Justifying GPS & Geocaching

I recently felt compelled to write a justification for including GPS units and geocaching in traditional latitude and longitude curricular activities at the elementary level. Why? There are lots of sites that talk about the benefits of geocaching in a very general sense. I wanted to reflectively add some specificity to the growing body of educators using GPS units to supplement students’ understanding of geography, latitude, and longitude.

Background: Students participated in a number of pre-geocaching lessons that covered latitude, longitude, and maps. After establishing a basic proficiency level, students learned about GPS units and the basics of geocaching. All of the students then searched for a number of caches placed throughout the school property.

Latitude and Longitude Revelations

A line of latitude or longitude does not run parallel to buildings, field lines, or major objects.

This seemed like such an obvious conclusion to me, but it wasn’t for the students.
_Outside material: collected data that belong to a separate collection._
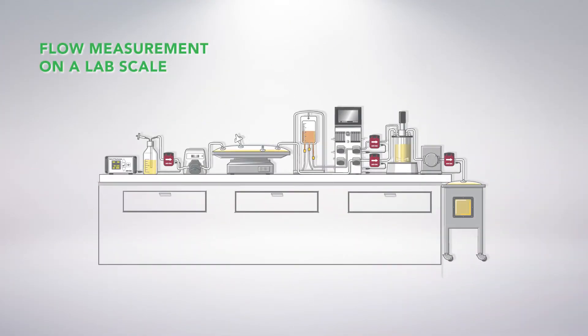This video shows the setup of EmTech's BioPro TT flow measurement system, a plug-and-play solution to measure and monitor flow rates within your laboratory application.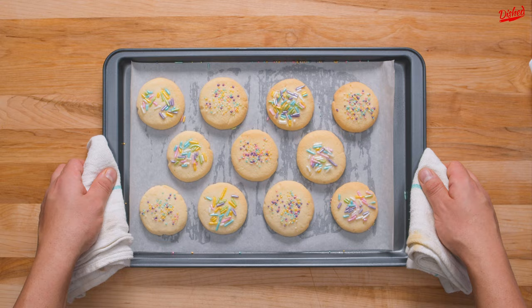These aren't exactly like classic sugar cookies, but they'll satisfy your sweet tooth in a pinch. Subscribe to Dished for more easy recipes.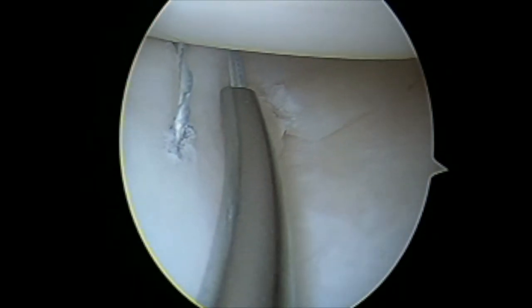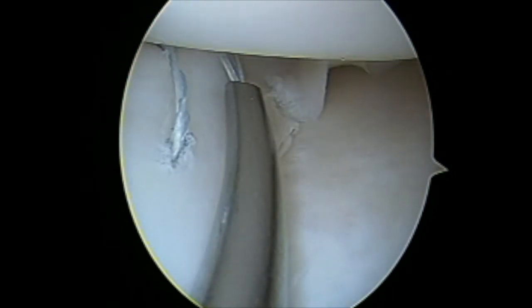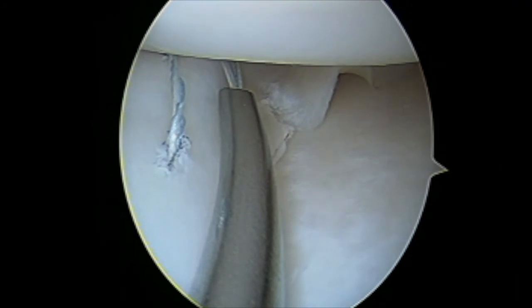Here I am using another angled zone specific cannula, firing needles through the meniscus and the capsule, which reduces the meniscus into anatomic position.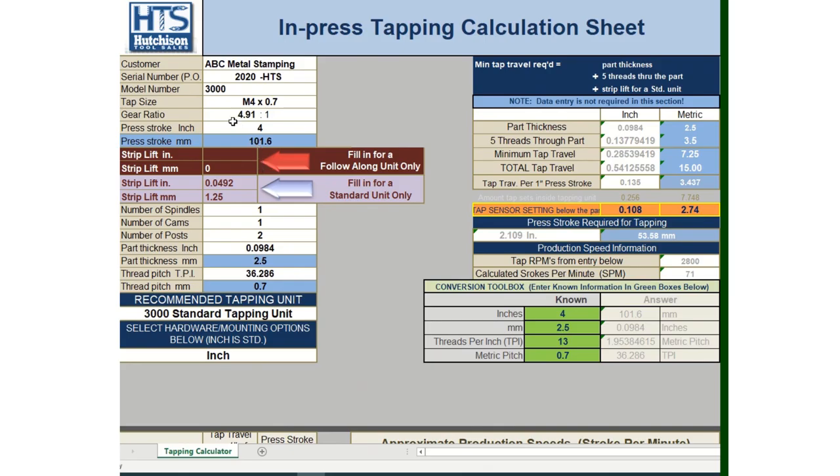Coming back to line seven, we enter the 4.91:1 ratio we determined. On the right side of the calculator, it summarizes the results: 2.109 inches (53.58 millimeters) of press stroke used for tapping, and 71 strokes per minute at 2800 RPM. It also provides tap sensor settings — the tap sensor sits underneath the strip and is physically activated when the tap passes through the part. The calculator indicates the tap sensor should be positioned approximately 108 thousandths of an inch from the bottom of the strip to ensure the tap fully passes through and contacts the sensor.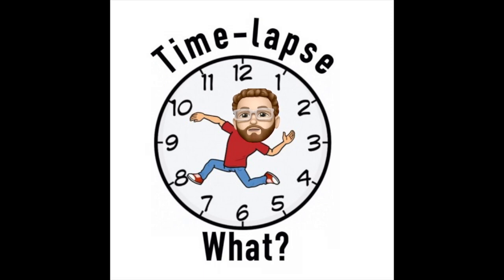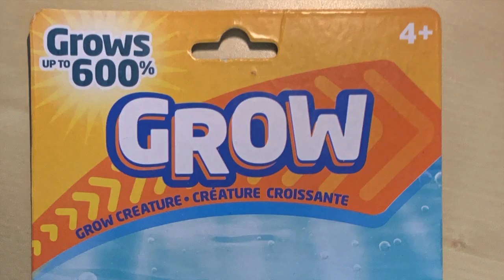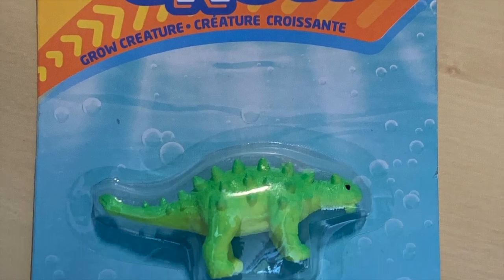Hi! Welcome to another time-lapse what video. Make sure you like the video and leave a comment on what you'd like to see in future time-lapse videos. Go ahead and subscribe now and hit the notification button. Thank you!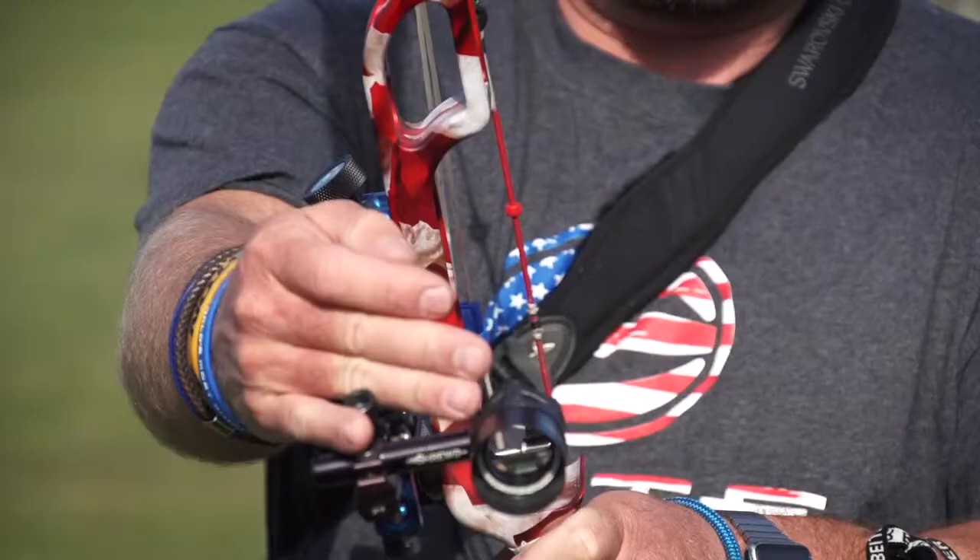Aiming is super important. In our game, one miss could be the difference between a win and a loss.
I think that this false idea has to do with ingrained notions driven by map study; most spend their time learning on a flat map with scaled down images of continents and countries. Continents and countries matter less as latitude and longitude markers when using a GPS unit outside in a manageable focused area like a field or school yard. I am surmising that the students thought that latitude and longitude must play into the construction and layout of real objects because of the relative size which, of course, is wrong.

A line of latitude and longitude does not vary by degrees, minutes, or seconds when using a GPS unit in a relatively confined area like a field or school yard.

Location varies by fractions of a second. Whoa! This blew the students’ minds. Once again, studying and learning from maps in a typical sixth grade text cemented the idea that degrees must always change (consider the latitude and longitude for Atlanta versus New York City). The geocaching project destroyed this misconception.

There is a connection between North, South, East, and West (compass) when using latitude and longitude.

Prior to the geocaching activity, most students found latitude and longitude using math skills in paper and pencil exercises that showed their proficiency at coordinate grids. Yes, they could properly label the coordinates with N, S, E, W but their knowledge was superficial in the (-x, y) and formulaic sense. Conversely, when the students searched for geocaches they had to walk North or South to arrive at the specific latitude. They had to walk East or West to arrive at a line of longitude. The students needed directions and prompting to realize that this was both necessary and helpful despite the fact that almost every child could run their finger along lines of latitude and longitude on a paper map.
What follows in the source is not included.